» **PROBLEM DESCRIPTION**:
Before you write out the listing, remove the pictures; everything else stays exactly as it is.
=== Begin Enclosure ===
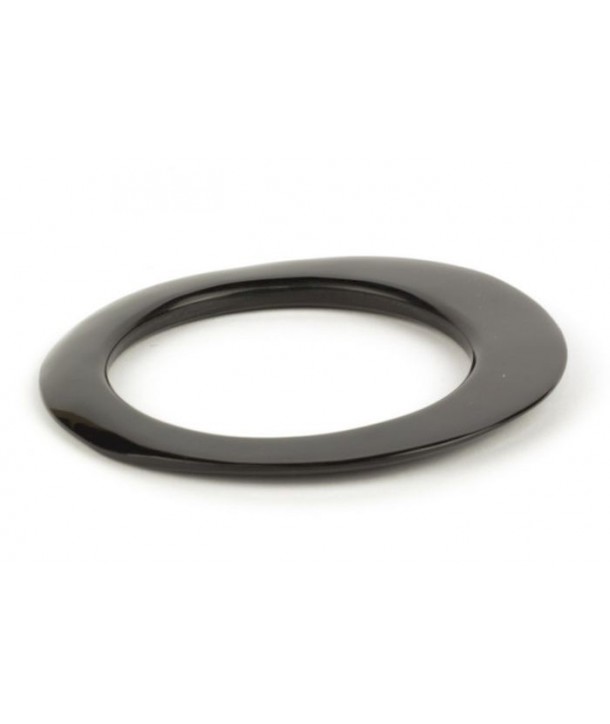 Broad elliptical bracelet in plain black horn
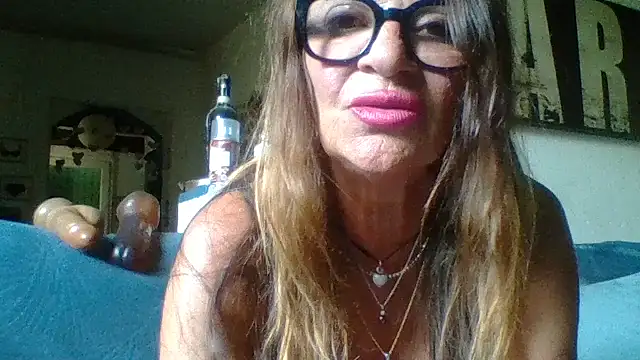 Snapshot of gildamilf chatting on July 11, 2:39 pm gildamilf online show from July 11, 2:39 pm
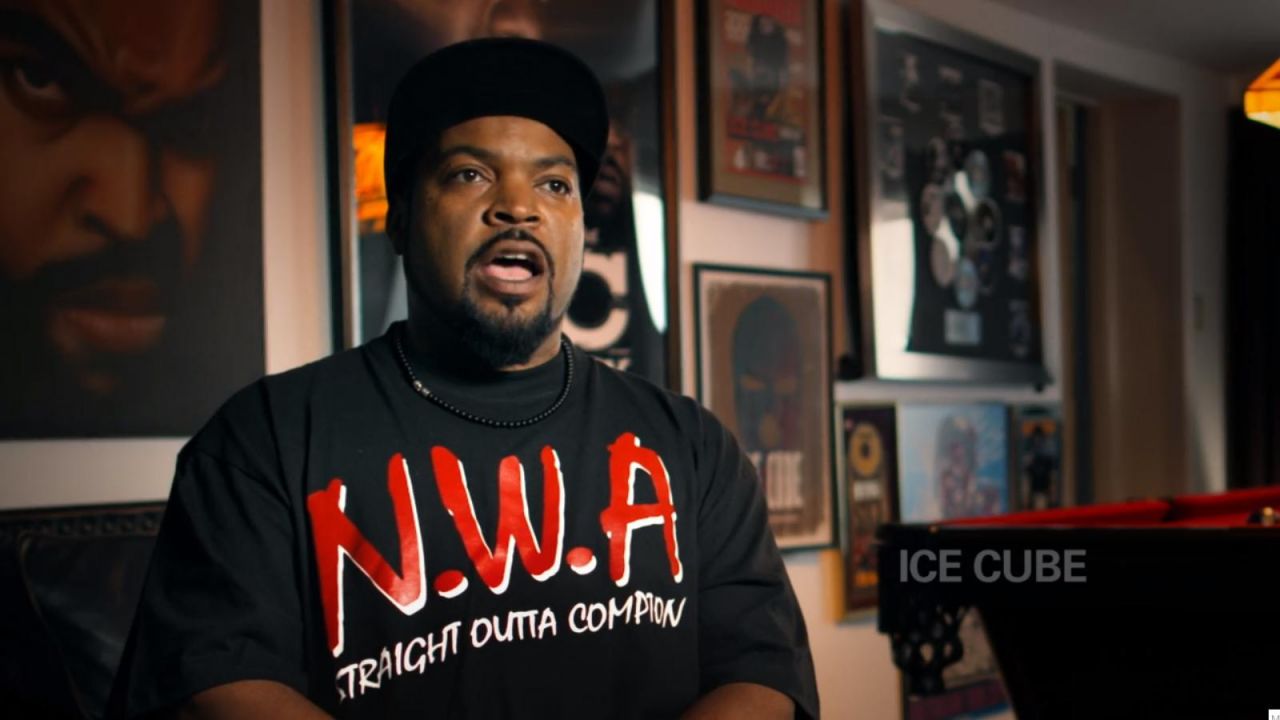 The t-shirt N. W. A. Ice Cube in The Defiant Ones S01E02.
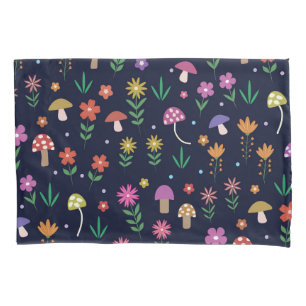Giftpilze mit fantastischen Blumen  Kissenbezug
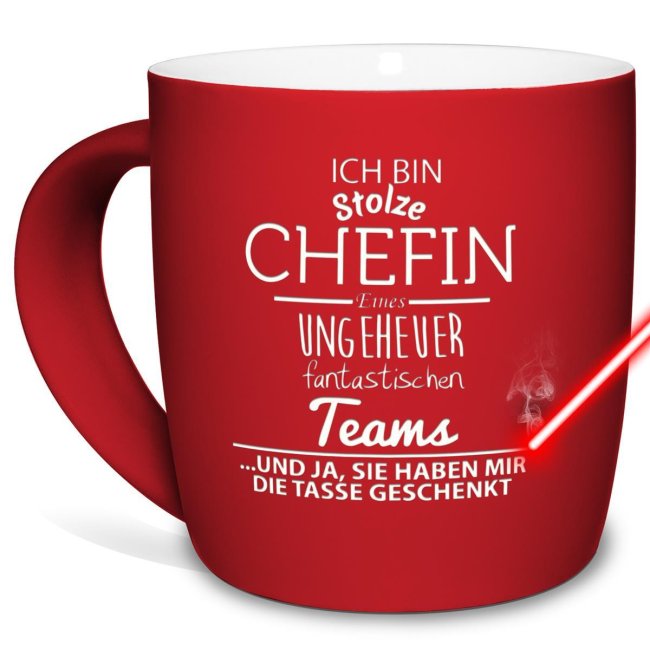 Tasse mit Lasergravur - Stolze Chefin eines fantastischen Teams - Rot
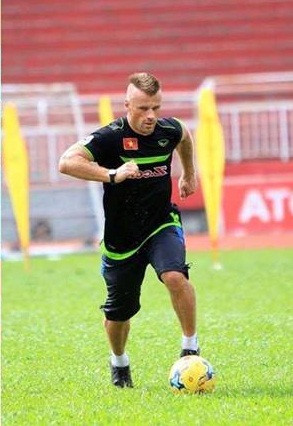 Martin Forkel sinh ngày 22/7/1979, có bằng HLV chuyên nghiệp. Khi còn làm cầu thủ, Forkel thi đấu ở vị trí hậu vệ phải cho nhiều CLB ở giải hạng thấp của Đức, đồng thời từng được gọi vào đội U20 Đức.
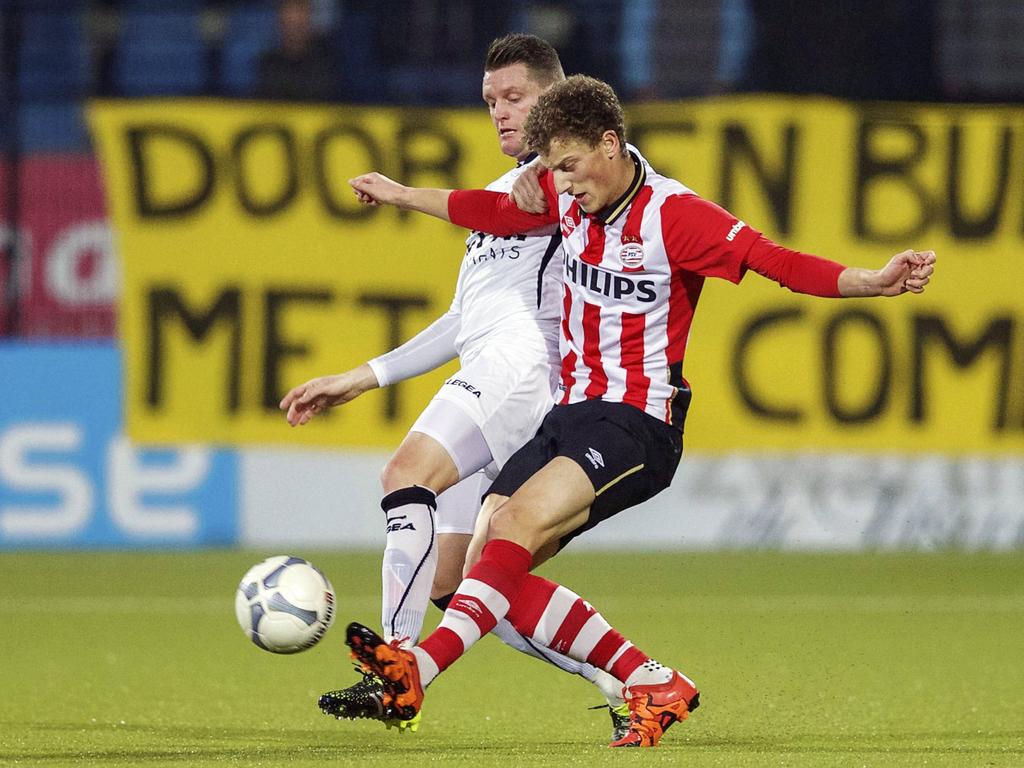 Jong PSV-aanvaller Boris Cmiljanić troeft NAC Breda-verdediger Michael Dingsdag af in een onderling duel. (07-12-2015)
=== End Enclosure ===
» **ANSWER SECTION**:
 Broad elliptical bracelet in plain black horn
 Snapshot of gildamilf chatting on July 11, 2:39 pm gildamilf online show from July 11, 2:39 pm
 The t-shirt N. W. A. Ice Cube in The Defiant Ones S01E02.
Giftpilze mit fantastischen Blumen  Kissenbezug
 Tasse mit Lasergravur - Stolze Chefin eines fantastischen Teams - Rot
 Martin Forkel sinh ngày 22/7/1979, có bằng HLV chuyên nghiệp. Khi còn làm cầu thủ, Forkel thi đấu ở vị trí hậu vệ phải cho nhiều CLB ở giải hạng thấp của Đức, đồng thời từng được gọi vào đội U20 Đức.
 Jong PSV-aanvaller Boris Cmiljanić troeft NAC Breda-verdediger Michael Dingsdag af in een onderling duel. (07-12-2015)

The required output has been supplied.